### What is needed:
Output exactly, and only, the lines below from the one with "redbubble.com/i/apron/Geomet…" down to the one with "Hestra Amy Leather". Include both end lines and no pictures.

(Stored data)
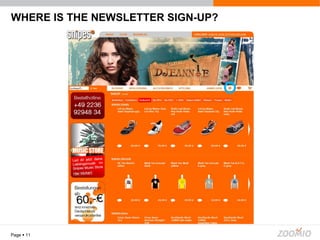 WHERE IS THE NEWSLETTER SIGN-UP? Page     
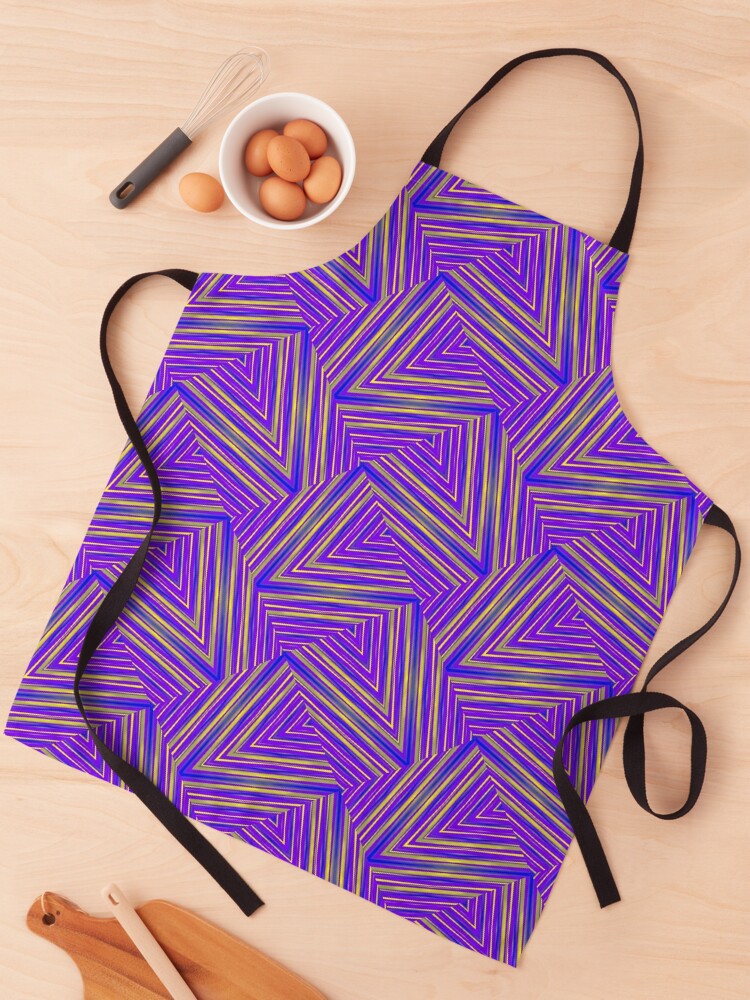 Geometric violet purple royal blue diagonal zigzag design apron.
redbubble.com/i/apron/Geomet…

#homedecor #interiordesigner #kitchen #redbubble #homestyle #interiorandhome #apron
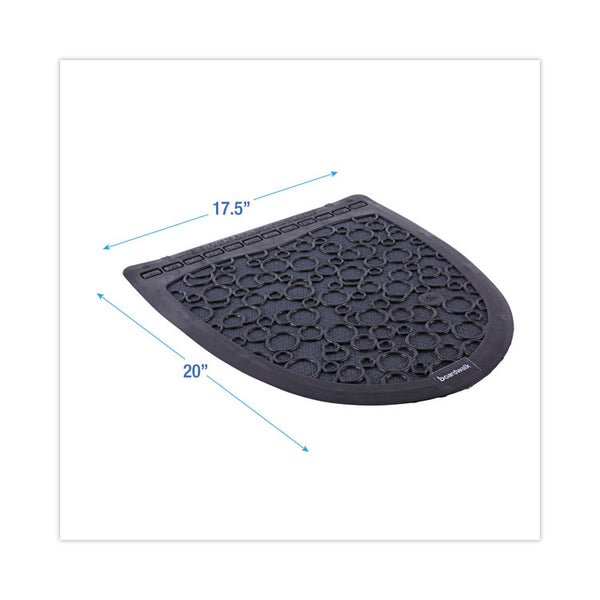 Boardwalk® Urinal Mat 2.0, Rubber, 17.5 x 20, Black/Black, 6/Carton (BWKUMBB)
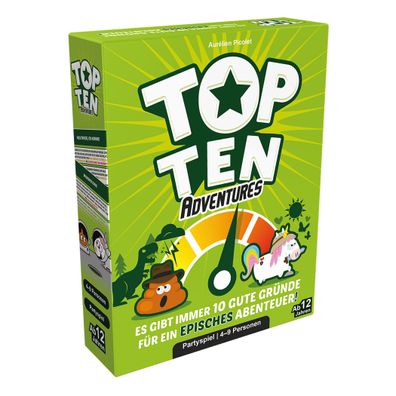 Asmodee Top Ten Adventures | ab 12 Jahren | 30+ Minuten | 4-9 Spieler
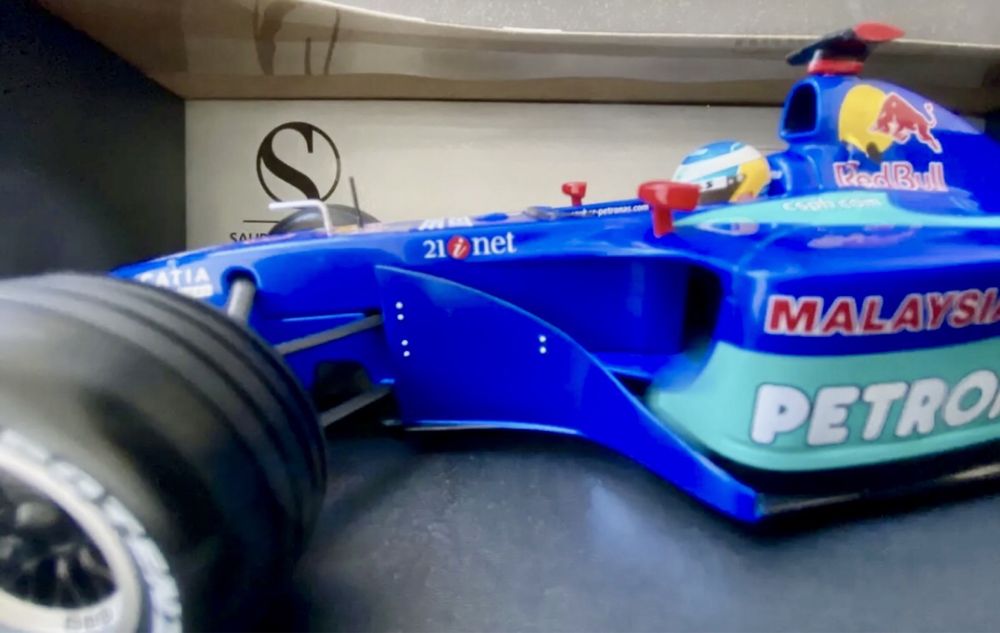 Machete formula 1 f1 1/18 Mclaren,Ferrari Sauber Minichamps Ed.limitat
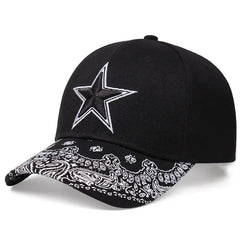Paisley Print Cotton Baseball Cap Hip Hop Sun Hat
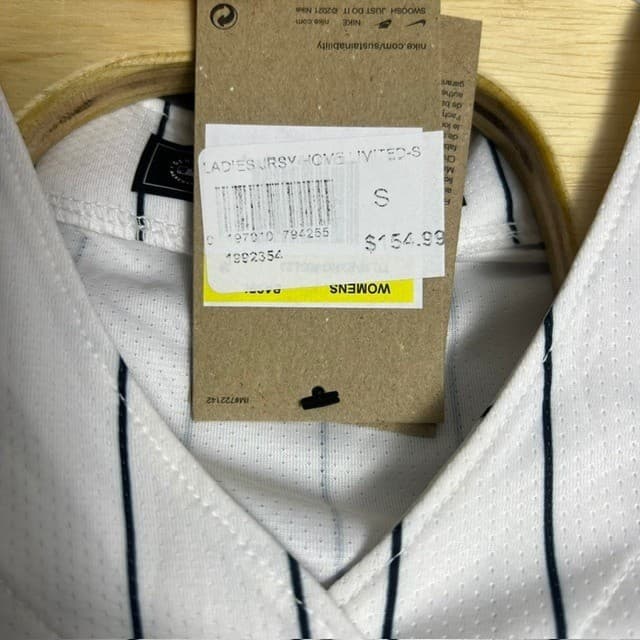 NWT $155 Nike Chicago White Sox MLB Women's Home Baseball Jersey Size Small 3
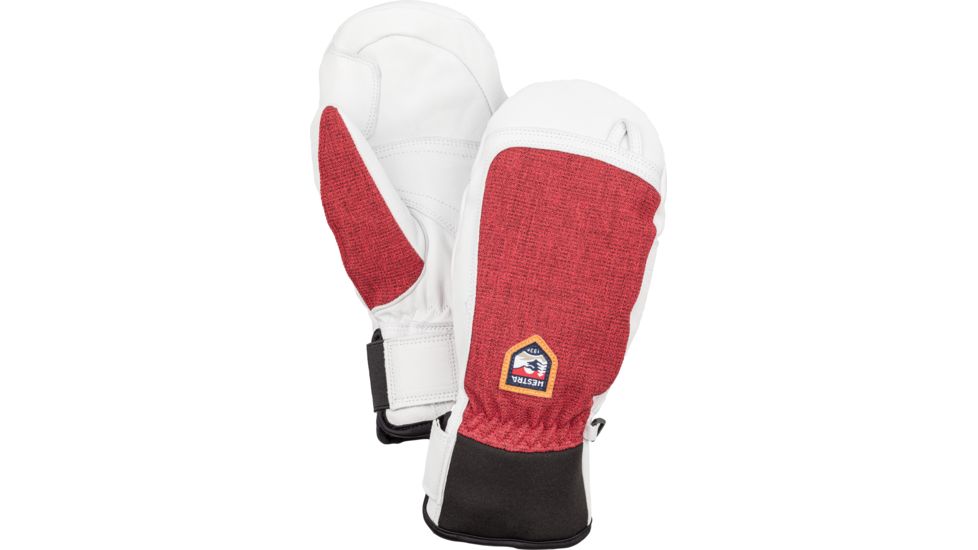 Hestra Amy Leather Patrol Mitt - Mens-Dark Red-7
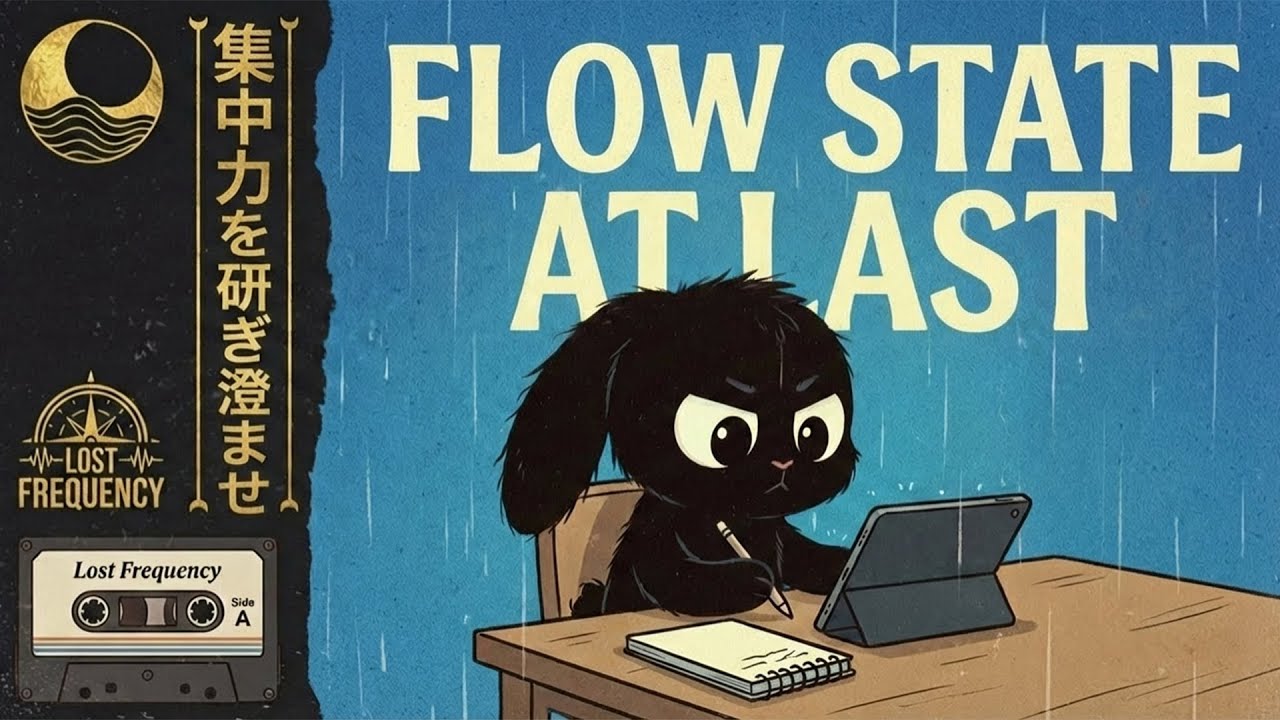 Flow state… at last / Boom Bap Jazzy Lo-fi for study, work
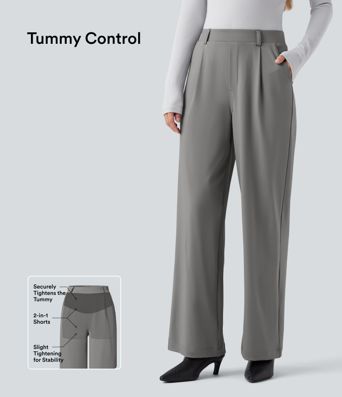 Halara Flex™ High Waisted Tummy Control Straight Leg Work Pants with Pockets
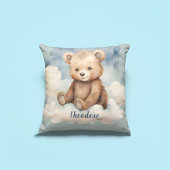 Coussin Garçons de l'ours céleste Nursery personnalisée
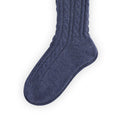 Socks - Cable Knit Cashmere & Cotton Long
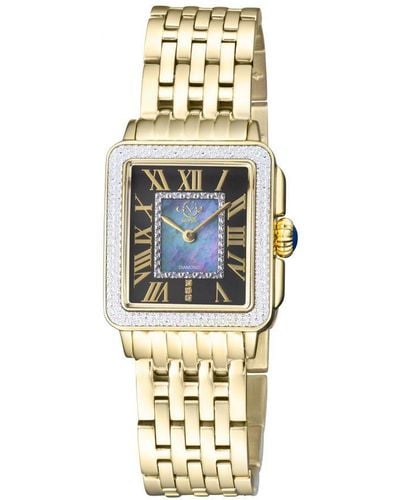 Gv2 Vrouwen S Padova Zwarte Wijzerplaat Yg Armband Horloge - Metallic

### Task output:
redbubble.com/i/apron/Geomet…

#homedecor #interiordesigner #kitchen #redbubble #homestyle #interiorandhome #apron
 Boardwalk® Urinal Mat 2.0, Rubber, 17.5 x 20, Black/Black, 6/Carton (BWKUMBB)
 Asmodee Top Ten Adventures | ab 12 Jahren | 30+ Minuten | 4-9 Spieler
 Machete formula 1 f1 1/18 Mclaren,Ferrari Sauber Minichamps Ed.limitat
Paisley Print Cotton Baseball Cap Hip Hop Sun Hat
 NWT $155 Nike Chicago White Sox MLB Women's Home Baseball Jersey Size Small 3
 Hestra Amy Leather Patrol Mitt - Mens-Dark Red-7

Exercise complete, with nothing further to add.